The question I often get asked is “will I still be able to conceive if I try X years from now”? The answer is I don’t know. Current fertility testing, which is offered as at home testing kits, through a health care provider or at mobile “pop up” labs is primarily hormone testing that gives an indication of ovarian reserve, or egg supply. Most commonly, antimullerian hormone, or AMH, is used as the main indicator of ovarian reserve. The problem is, the results do not mean much for the average woman. A study published in The Journal of the American Medical Association in October 2017 found that ovarian reserve numbers are not necessarily an indication of fertility. Researchers gave blood and urine tests to 750 women, ages 30-44, who had been trying to get pregnant for 3 months or less, and then followed them for the next 6-12 months. Almost 500 of those women conceived naturally during that time, and the women’s levels of AMH and follicle stimulating hormone (FSH) had no significant effect on who got pregnant and who didn’t. Furthermore, the American College of Obsetricians and Gynecologists and the American Society for Reproductive Medicine recommend against using AMH levels to counsel women who are not infertile about their reproductive status and future fertility potential.


Using AMH as a general screen can backfire in a couple ways. For women with normal values, this could give them a false sense of security and lead to delaying childbearing and having subsequent fertility problems (remember, there is no way to predict how fast fertility will decrease for any individual woman, so a normal AMH today does not mean it will still be normal 3 years from now). A low number could cause undue stress and anxiety about a woman’s ability to conceive (remember, a low AMH says nothing about the chance of conceiving naturally, only about response to ovarian stimulation medications). Furthermore, there are other factors that affect fertility that are not measured in hormone tests. For example, body mass index (BMI), stress, smoking, diet, physical activity, coexisting medical conditions, past medical history and male factors (sperm).


Ovarian reserve testing is absolutely indicated in certain circumstances. In women struggling with infertility, AMH levels are used to predict response to hormones used to stimulate the ovaries (such as in IVF). In the same vein, AMH is used to predict response to ovarian stimulation medication in women considering freezing their eggs for fertility preservation. Women with low AMH values may not be good candidates for IVF or egg freezing; women with high values may need less medication and be at risk for complications such as ovarian hyperstimulation syndrome (OHSS).

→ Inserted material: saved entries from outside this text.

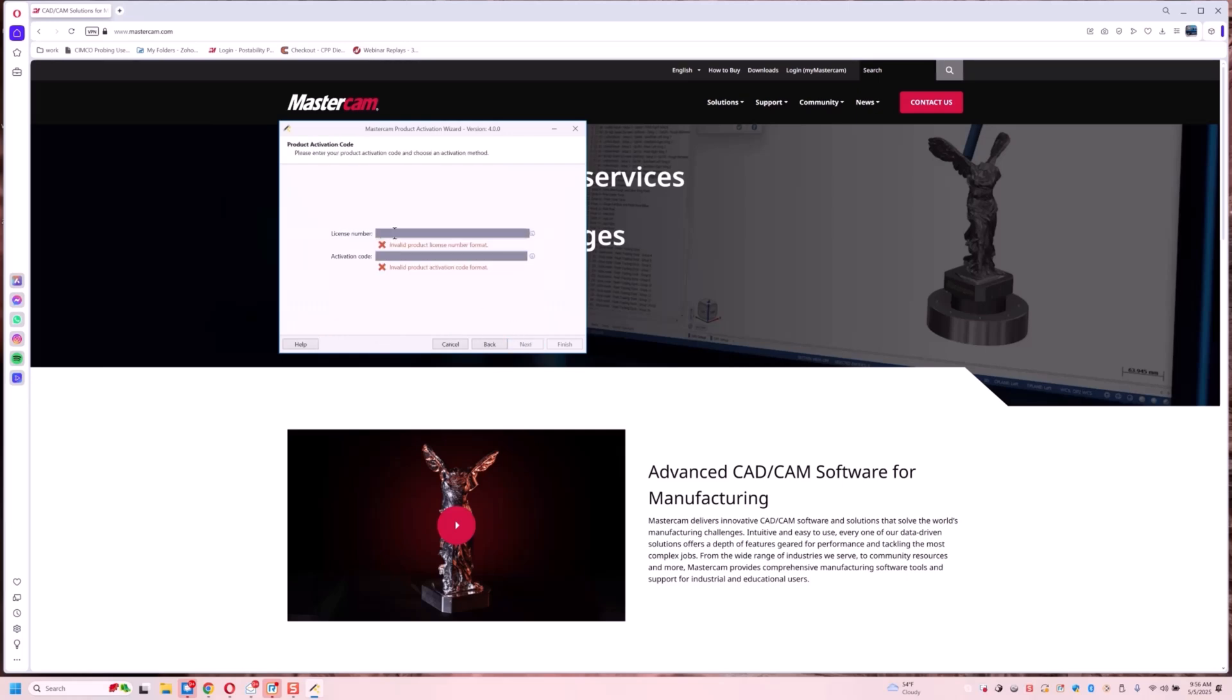We're going to type in our numbers here. I'm going to blur this out so you guys don't see all my information. I'm going to copy and paste my password in here.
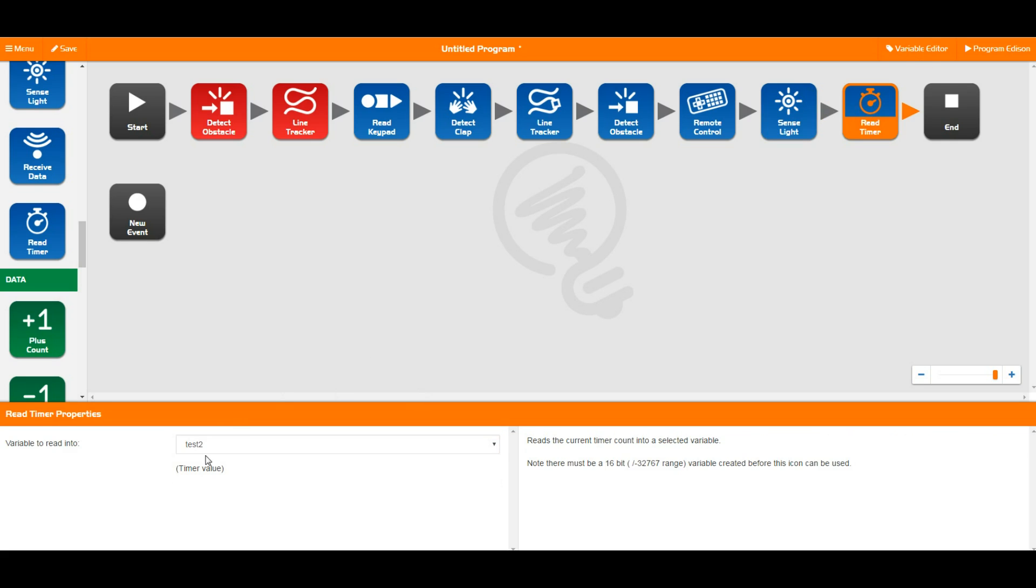And then the read timer takes a read of a background timer, which we will talk about in a future video.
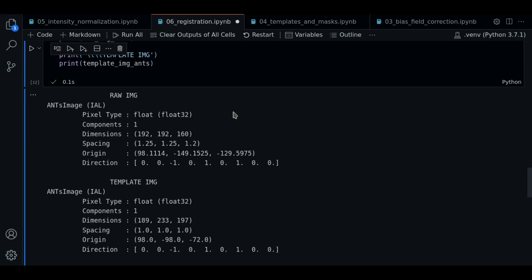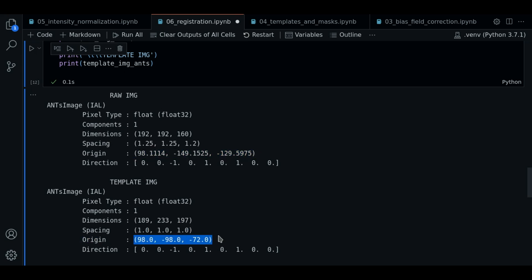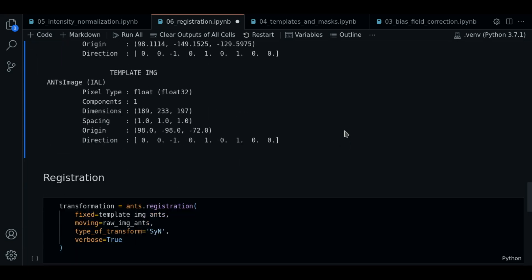So as you can see, some items are different. For example, dimensions are different, the spacing is different, and even the origin vector. It is important to make this analysis because the registered image will have the same information as the target image.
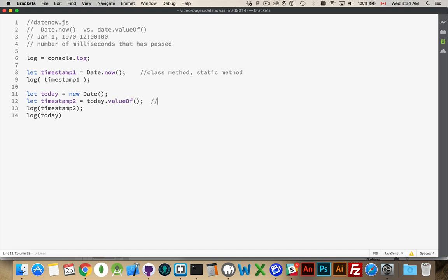So this is known as an instance method, because you're working with the instance of the date. You created an instance of the date, and you're asking it for its method. Okay. And that's Date.now versus date.valueOf.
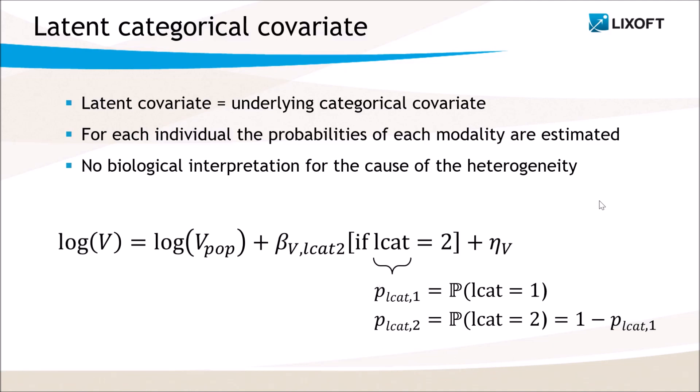The latent covariates can be useful to model statistical mixtures of populations, but they provide no biological interpretation for the cause of the heterogeneity in the population, since they do not come from the dataset. I am now going to show how to define in Monolix the distribution of V as a mixture of distributions with a latent categorical covariate.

My advice to all women is that age is the best predictor of fertility. The younger you are when you start trying, the better your chances of getting pregnant without difficulty. Obviously, many factors come in to play when deciding if and when to have children, and for many the timing does not work the way they initially hoped. If you find yourself in this situation, I encourage you to talk to your primary care provider, OB/GYN or fertility specialist to discuss your options about your own unique circumstances. Additionally, controlling the things you can control, such as maintaining a normal body mass index, not smoking, protecting yourself from STIs, avoiding toxins, getting annual health maintenance screening and recommended vaccinations and controlling chronic illness can be helpful to protecting your fertility.


REFERENCES:

The use of antimullerian hormone in women not seeking fertility care. Committee Opinion No. 773. American College of Obstetricians and Gynecologists.


Testing and interpreting measures of ovarian reserve: a committee opinion. Practice Committee of the American Society for Reproductive Medicine. Fertil Steril 2015; 103:e9-17.


Steiner AZ, Pritchard D, Stanczyk, FZ, Kesner JS, Meadows JW, Herring AH, et al. Association between biomarkers of ovarian reserve and infertility among older women of reproductive age. JAMA 2017; 318: 1367-76.